While running an Institute in California, Pearson completed PhD coursework in History of Education at UCLA, but went back to BYU before finishing. Here’s Pearson’s story.
I picked up a lot about historians and the writing of histories during my forty years in the academic community. My major at USU was history. At BYU I took courses in ancient languages from Hugh Nibley and Sidney B. Sperry. These classes often became discussions of history. Hugh Nibley especially brought a great deal of history into his language classes.
At UCLA my major was history of education. My major professor, Dr. Flaud C. Wooton, taught history and was the head of the history department at Claremont College before coming to UCLA. He said that he gave Hugh Nibley his first job after Hugh received a doctorate at UC Berkeley. He said that listening to Hugh translate and discuss ancient manuscripts was the greatest intellectual experience of his life.
The way this thing about Nibley came up was that, in a graduate seminar one day, Wooton made some statements about what he considered an ideal scholar. Among other things, he emphasized languages, though languages certainly were not his own forte. A black doctoral candidate from the faculty of a famous all-black college in the deep South raised his hand and asked: “Dr. Wooton, if you were to choose your successor in this department, how would you describe him?”
Wooton said, “That would be easy. All I would have to do is describe a young assistant I hired at Claremont College when I was the head of the history department there. He had just received a PhD from UC Berkeley and could not find anyone who would hire him because he was overqualified. He came to me and offered to work for nothing if I would give him a chance to work for me. He wanted access to our library, which was one of the best history libraries in the world in some areas in which he was interested. So I hired him, but not for nothing. I put him on the payroll.”
Then Wooton said this young man’s ability to read and translate ancient documents in seminars was the greatest intellectual experience of his life.
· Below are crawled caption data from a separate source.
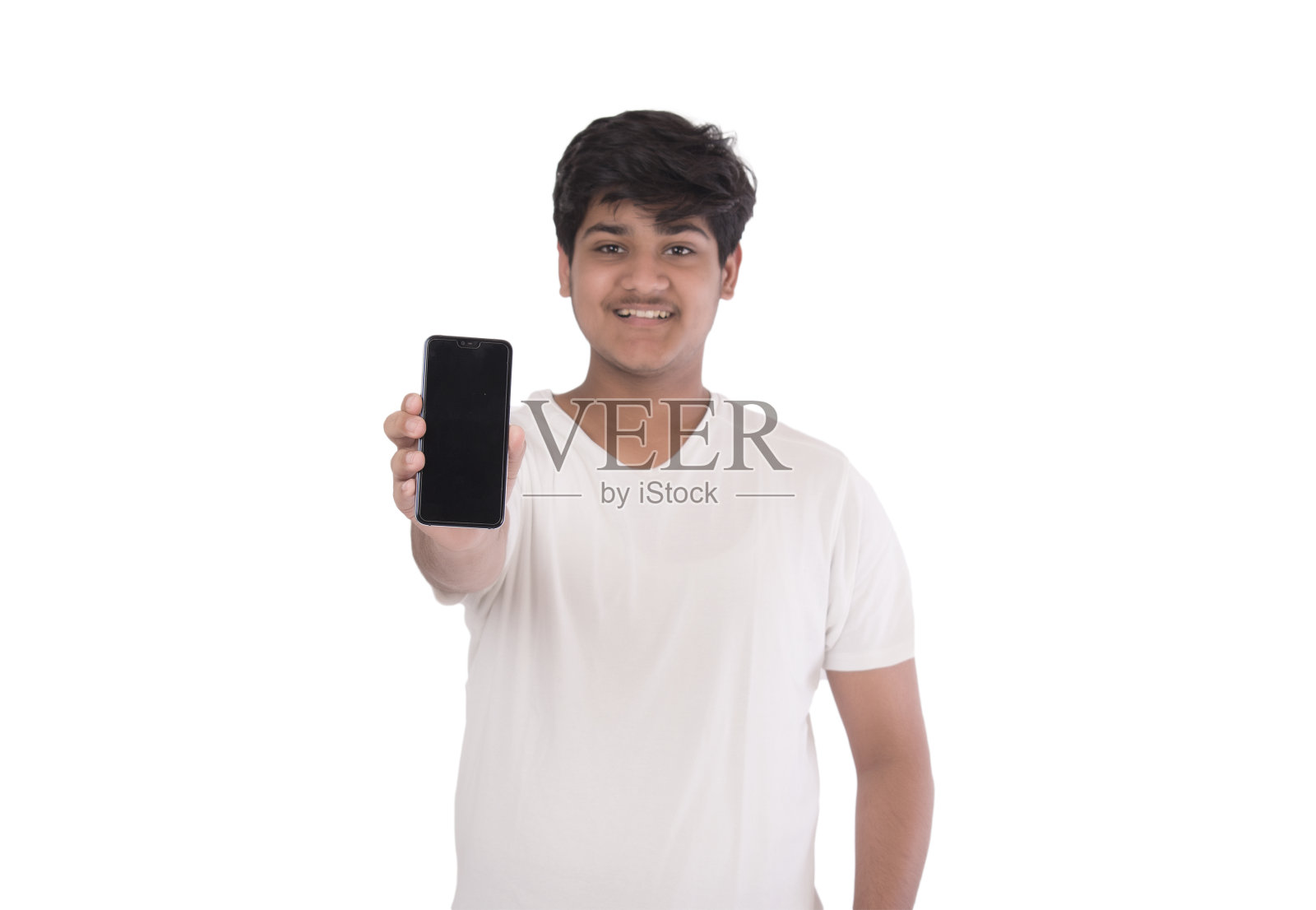 印度少年展示手机库存照片照片摄影图片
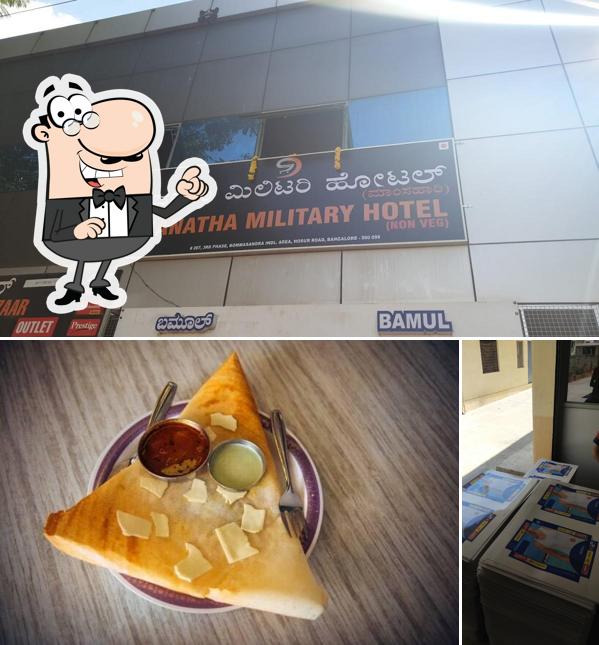 The picture of JANATHA Tiffins’s interior and exterior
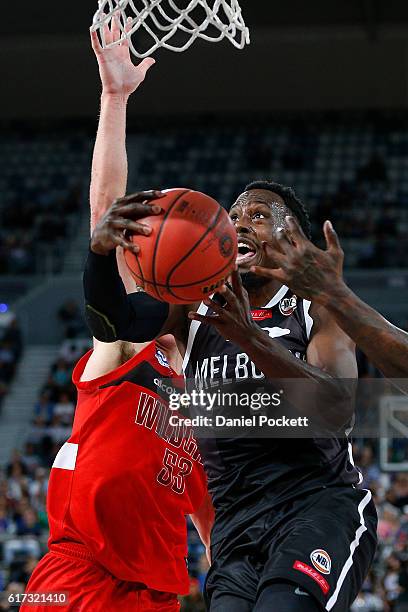 Cedric Jackson of Melbourne United drives to the basket during the round three NBL match between Melbourne United and the Perth Wildcats at Hisense...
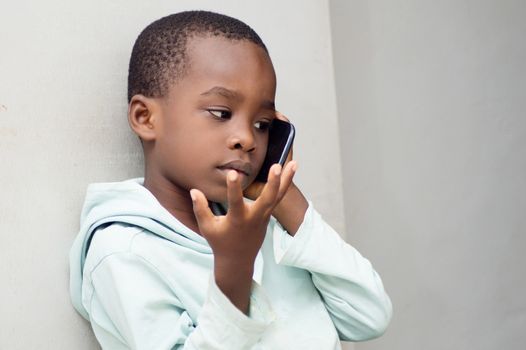 This child questions himself with gestures on the phone with his mother.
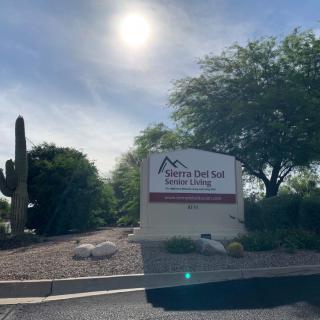 Sunlit landscape with a sign and surrounding trees and cactus.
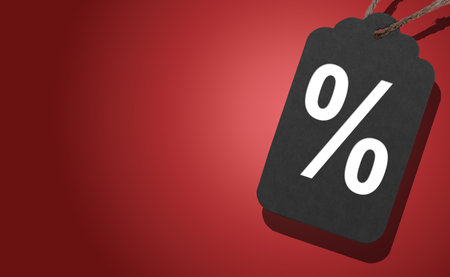 Black Friday sale banner. Black tag with red gradient design and hanging loop, symbol of discount, price off, and special offer, minimalist autumn style for retail, fashion, and business marketingの写真素材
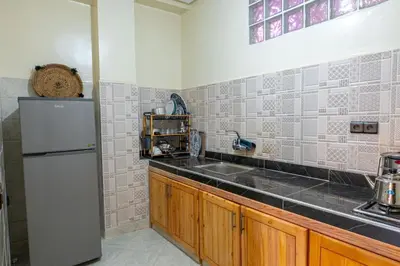 a kitchen with a white refrigerator and a sink at Bab Atlas appartment N3 in Ourika valley in Aghbalou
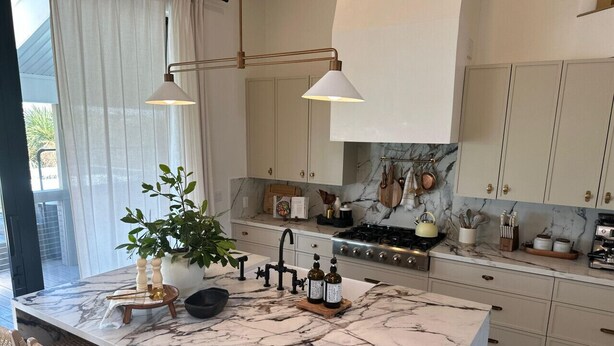A kitchen with marble countertops, a central island, a sink, and a stove. There are cabinets, a plant, and various kitchen utensils visible. - Don Pedro Island: Canal w. dock and 5-Min to Beach (Englewood)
I knew that Hugh had been at Claremont College. He told me once that the vice president of Claremont was a particularly vicious Mormon hater and that this man had said that he expected some day to be president of Claremont and that, when he became president, the first thing he would do would be to fire Hugh. Hugh told me that one night when he was in his room, he saw the spirit of the president walk through and knew he was dead. The next day the vice president, now president, called Hugh and notified him that he was no longer on the payroll. One of Hugh’s greatgrandfathers was that Professor Neibuhr who taught Joseph Smith Hebrew. Could that have been part of the problem? Well, I doubt that the vice president of Claremont College would have known that Hugh was part Jewish. But I have seen unbelievable prejudice against Jews in my lifetime….
After Dr. Wooton had finished his speech about this young assistant’s brilliance, I raised my hand. Dr. Wooton recognized me. I said, “You sound like you’re describing Hugh Nibley.”
Wooton asked, “where did you ever meet Hugh Nibley? I’ve been trying to find out where is is for years.”
I said, “That’s easy. He is one of my colleagues on the BYU faculty and he married one of my first cousins.”
He then continued to praise Hugh Nibley, and said that just such a scholar would be his choice to succeed him as head of his department at UCLA.
Now, if you’re not familiar with Hugh Nibley, he was a polymath who greatly influenced an entire generation of LDS scholars. I highly recommend reading his award-winning biography, and his World War II reminiscences.